> Work order: With pictures left out, set down exactly the lines from the line containing "Metal Bed Frame" through the last line of the data.

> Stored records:
== Segment start ==

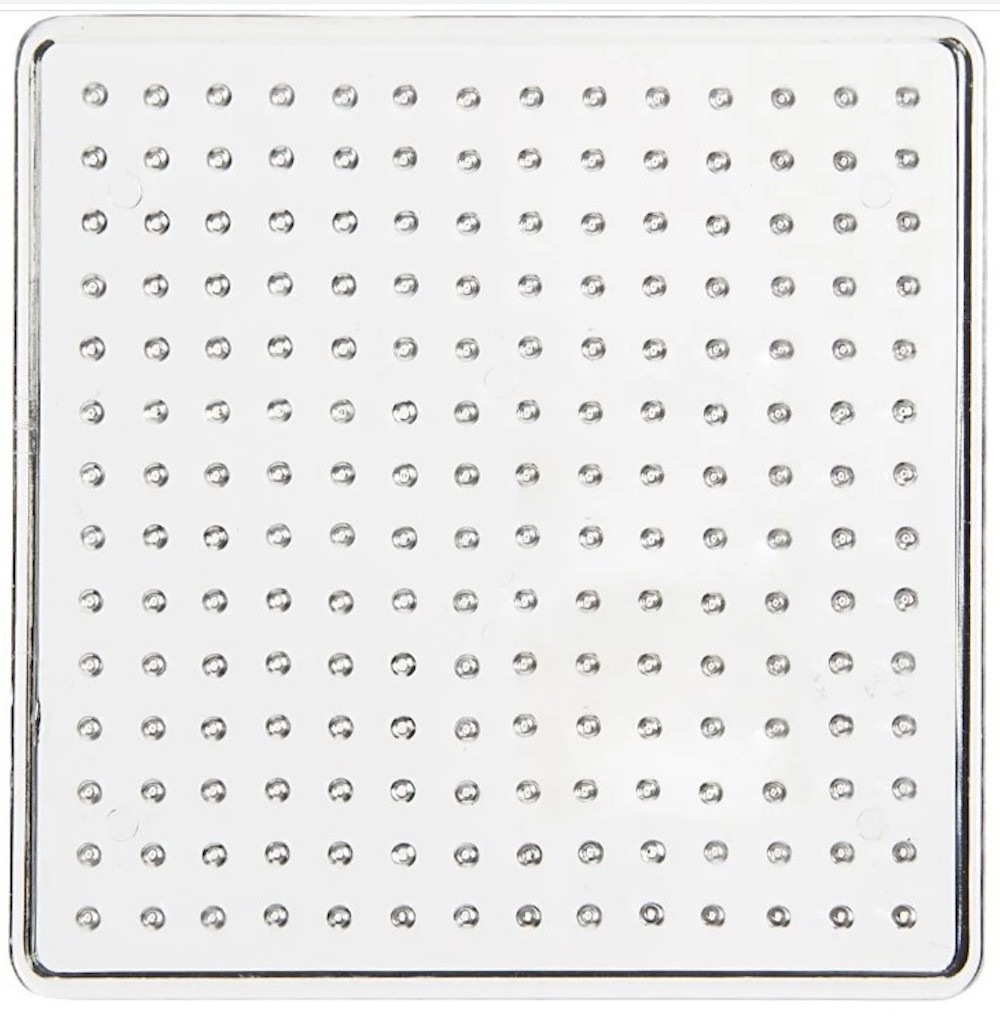 Steckbrett  Legeplatte für Bügelperlen, kleines Quadrat, 8 x 8 cm, Transparent, 1 Stck.    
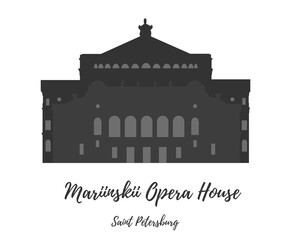 Vector silhouette of Mariinskii Opera House. The city building. Famous travel building. travelling. Saint Perersburg downtown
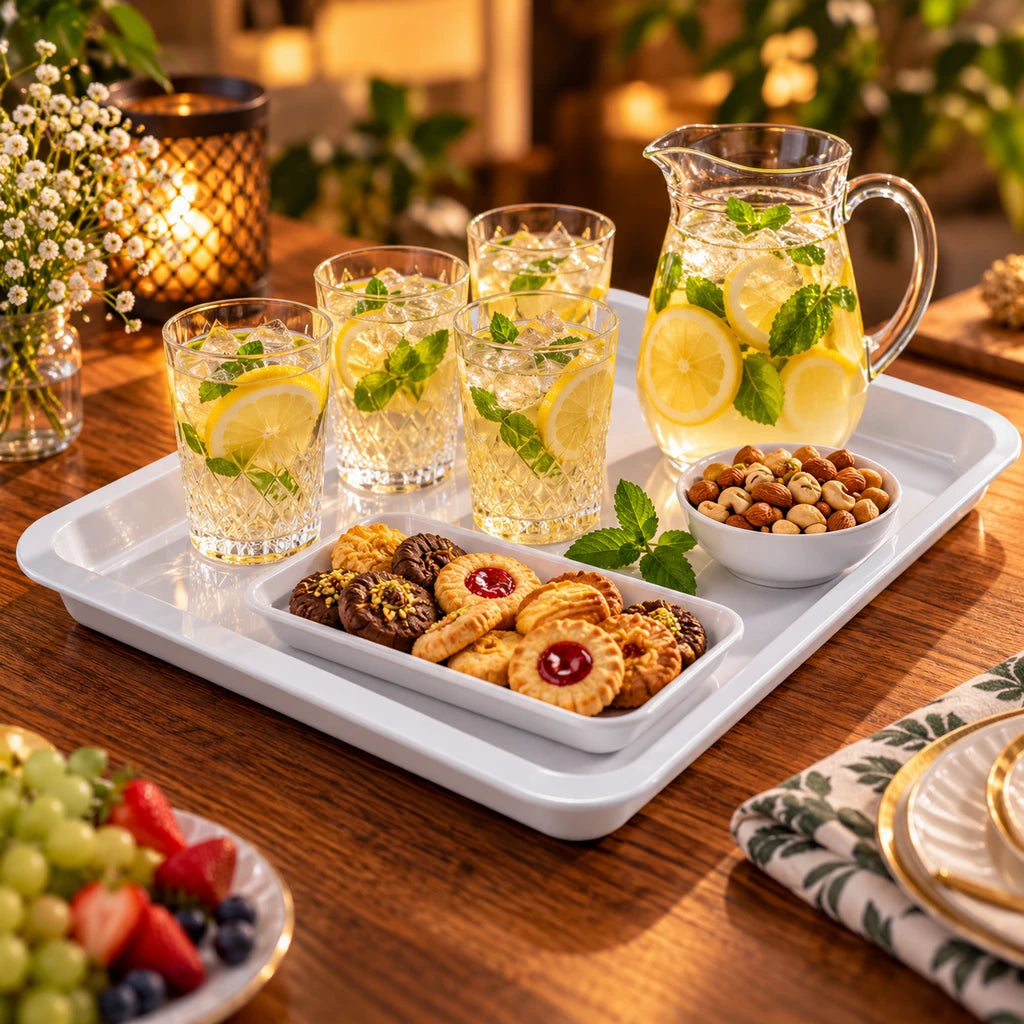 Blaze White Melamine Serving Tray - 7, 10, 12, 14 & 16 Inches
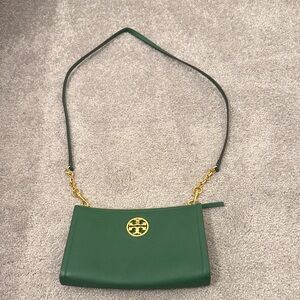 Tory Burch Green Crossbody Bag with Gold Chain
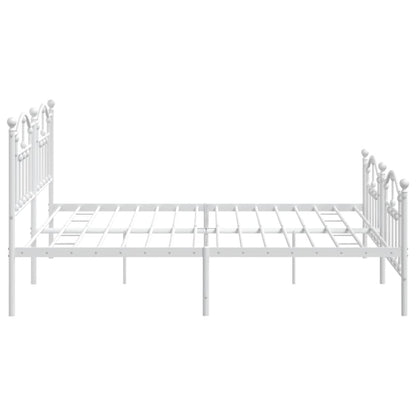 Metal Bed Frame without Mattress with Footboard White 200x200cm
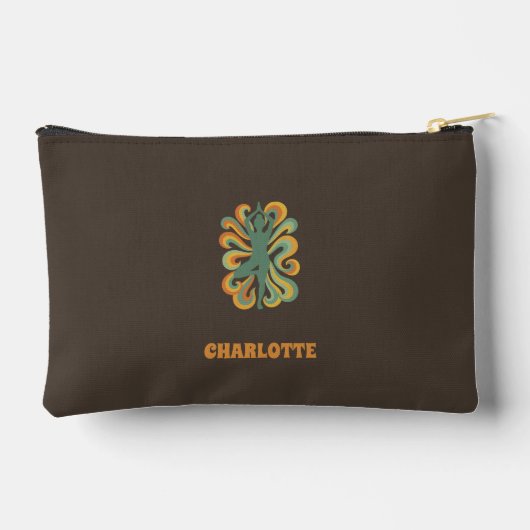 Yoga pose retro swirls name taupe brown etui (Achterkant)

== Segment end ==

> Expected answer:
 Metal Bed Frame without Mattress with Footboard White 200x200cm
 Yoga pose retro swirls name taupe brown etui (Achterkant)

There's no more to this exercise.